Search code examples
phpregexwhitespacepreg-match-allbad-gateway

relatively simple Preg_match_all causes 502 Bad Gateway


I have a preg_match_all functions with pattern:

preg_match_all(
    '/\[(if) ([^\]]*)\]
    ((?:(?!\[if).|(?R))*?)
    \[endif\]/sx',
    $text,
    $matches
);

It's quite easy pattern I guess, it looks for a syntax [if condition] sometext [endif], but it supports also embed ifs f.e. [if condition1] aa [if condition2] bb [endif] [endif]. I used s switch to treat newlines as dots (as I want to have it working multiline) and x for easier reading (but removing x does not fix the issue).

It works fine for most of input data I have, but for some specific input it causes 502 Bad gateway error on nginx server without any errors or exceptions in logs that. I'm using nginx + php-fpm (5.6.15-1+deb.sury.org~trusty+1), but same happens on php7.

Here's causing 502 Bad gateway error PHP code that you can easily check it, very simple, just a variable and regex.

http://pastebin.com/G54Xa0as

Please, be sure that you copied a content 1:1, with all spaces, tabs etc.

The very stange thing is that you can remove almost any single line or even delete one indent (any few spaces in any place) to make it working.

I have no more ideas what's wrong here, I was able to create this single file to demonstrate my issue, but have no ideas how to fix it.


Solution

  • Your regex contains a negative lookahead that "tempers" the dot pattern. However, you failed to add the end delimiter to it, and thus, it became rather "heavy".

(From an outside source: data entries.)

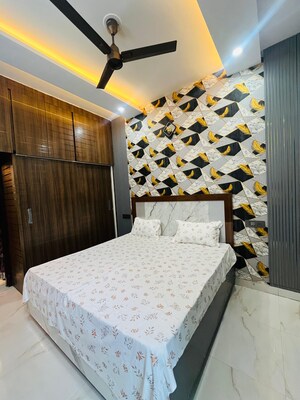 Bedroom in 3 BHK Builder Floor at Lake View Complex, Dhakoli – for Sale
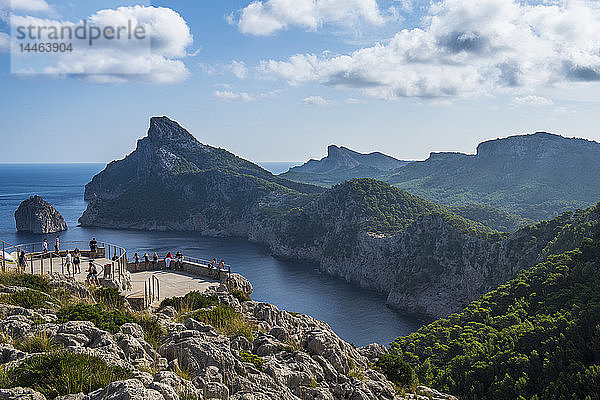 Blick über Cap Formentor  Mallorca  Balearen  Spanien  Mittelmeer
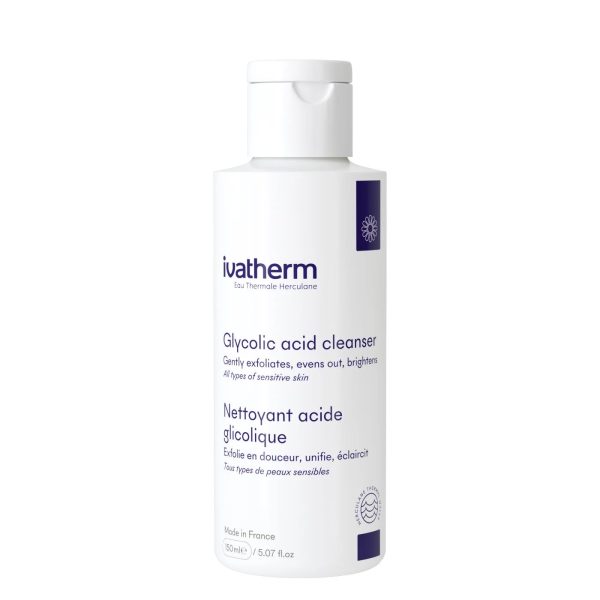 IVATHERM CLEANSING GEL WITH GLYCOLIC ACID - 150ML | ايفاثيرم غسول جل بالجليكوليك اسيد - 150 مل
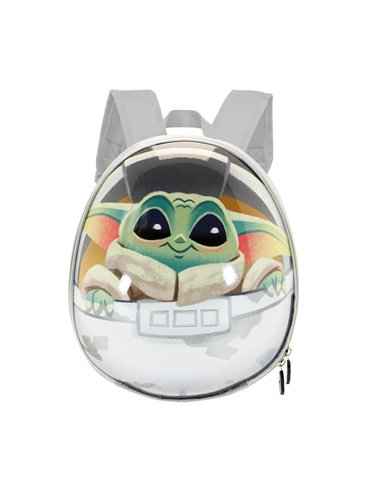 The Mandalorian Tour Mochila Eggy, Negro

    I suggest adding the end delimiter ([endif]) to the lookahead check:

    \[(if)\s+([^\]]*+)\]((?>(?!\[(?:end)?if\b).|(?R))*)\[endif\]
                                 ^^^^^^^^
    

    See demo

    Or, you can even unroll the tempered greedy token as

    \[(if)\s+([^\]]*+)\]((?>[^[]++(?:\[(?!(?:end)?if\b)[^[]*)*|(?R))*)\[endif\]
    

    See the regex demo (however, if a [ can follow [if...], it won't work).

    Also, note that your regex has a space after (if) and since you are using /x modifier, it is not considered as a literal space, but is ignored. That is why I changed it to \s+.